* What the task asks *
Nothing but a number should be given: how many lines of the records include "Short"?

* Input data *
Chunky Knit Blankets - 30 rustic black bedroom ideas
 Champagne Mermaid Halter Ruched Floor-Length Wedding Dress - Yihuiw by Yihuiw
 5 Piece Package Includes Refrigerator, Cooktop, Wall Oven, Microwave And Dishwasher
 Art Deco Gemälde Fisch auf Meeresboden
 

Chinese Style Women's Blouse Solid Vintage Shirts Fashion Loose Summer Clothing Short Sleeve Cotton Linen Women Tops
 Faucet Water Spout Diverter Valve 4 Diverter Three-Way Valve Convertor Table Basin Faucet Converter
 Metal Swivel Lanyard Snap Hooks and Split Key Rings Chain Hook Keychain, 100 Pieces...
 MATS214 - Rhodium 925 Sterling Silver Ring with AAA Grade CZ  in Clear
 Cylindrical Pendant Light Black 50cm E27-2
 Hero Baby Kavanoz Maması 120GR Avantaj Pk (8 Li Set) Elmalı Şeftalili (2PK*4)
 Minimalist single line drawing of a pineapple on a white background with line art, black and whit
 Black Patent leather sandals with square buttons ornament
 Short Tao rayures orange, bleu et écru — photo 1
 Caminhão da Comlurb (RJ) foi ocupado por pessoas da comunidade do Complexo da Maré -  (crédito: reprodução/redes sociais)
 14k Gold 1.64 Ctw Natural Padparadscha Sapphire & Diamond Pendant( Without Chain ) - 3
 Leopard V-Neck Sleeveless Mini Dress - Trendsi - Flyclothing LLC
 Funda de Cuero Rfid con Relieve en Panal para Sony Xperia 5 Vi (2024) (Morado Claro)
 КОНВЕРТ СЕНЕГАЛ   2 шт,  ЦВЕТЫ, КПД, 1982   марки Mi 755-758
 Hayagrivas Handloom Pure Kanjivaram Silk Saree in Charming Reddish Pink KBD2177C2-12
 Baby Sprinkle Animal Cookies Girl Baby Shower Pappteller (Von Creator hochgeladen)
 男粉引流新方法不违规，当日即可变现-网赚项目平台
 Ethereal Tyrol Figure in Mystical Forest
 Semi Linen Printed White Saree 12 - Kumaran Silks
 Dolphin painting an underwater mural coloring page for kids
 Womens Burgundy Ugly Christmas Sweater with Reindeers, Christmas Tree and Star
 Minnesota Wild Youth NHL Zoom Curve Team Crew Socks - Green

* Reply to the exercise *
2